Andi Wanua Tangke menyusupkan unsur mitos tentang “seseorang yang ditemui leluhurnya bermakna ajalnya sudah dekat”. Mitos inilah yang membangun struktur narasi dengan defamiliarisasi, sehingga cerpen – sebagai teks fiksi – memancarkan teka-teki untuk dinikmati pembaca. 

                                                                       ***

TENTU, secara sekilas, saya harus memaknai cerpen “1965” sebagai teks yang dikategorikan memiliki (1) kedalaman emosi dan keunikan ungkapan pribadi, (2) dicipta dengan  totalitas efek kesan yang ditampilkannya, (3) memprepresentasikan penyingkapan hegemoni kekuasaan untuk mencapai katarsis, dan (4) pengarang menyulap teks dengan efek mengasingkan dan melepaskannya dari otomatisasi. 

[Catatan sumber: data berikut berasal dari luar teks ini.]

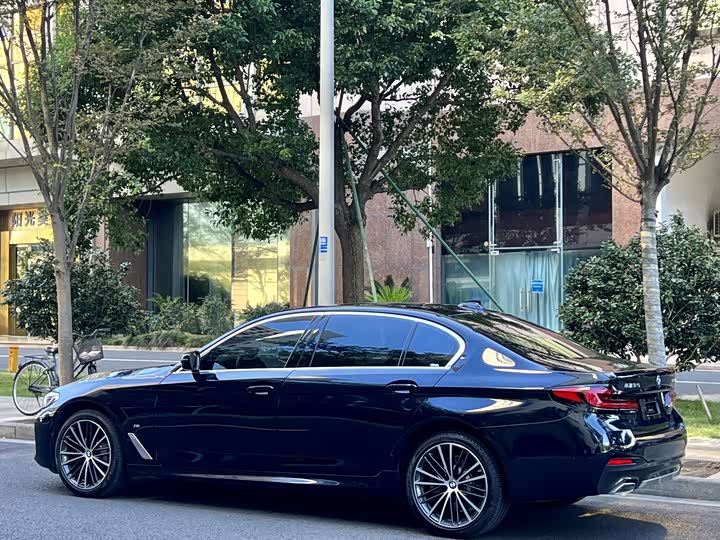 Фото 8 - BMW 5 Series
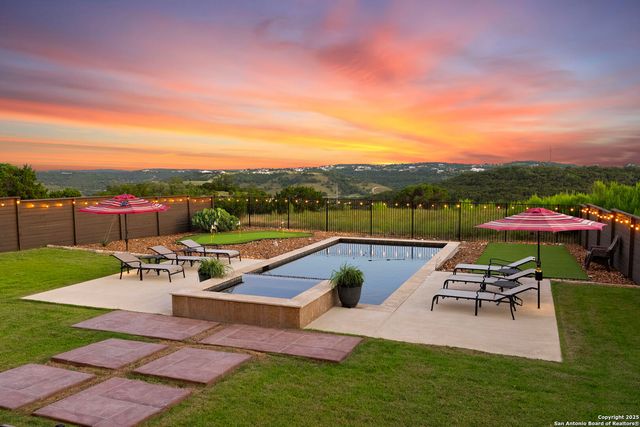 75 E Mariposa Parkway, Boerne, TX 78006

Saya mesti jujur dengan pembacaan saya terhadap cerpen “1965” karya Andi Wanua Tangke, yang membangkitkan beberapa lapis makna konfrontasi hegemoni kekuasaan. Ia tak sekadar menulis untuk mencapai katarsis. 

Lebih dari itu, ia memanfaatkan sejarah, struktur narasi, imajinasi, dan “defamiliarisasi” untuk menghadirkan cerita yang berangkat dari fakta dan berita yang sudah lazim kita baca menjadi teks yang memiliki keutuhan dan kompleksitas pengalaman.  

                                                                      ***

Penulis S. Prasetyo Utomo adalah sastrawan, doktor Ilmu Pendidikan Bahasa Unnes.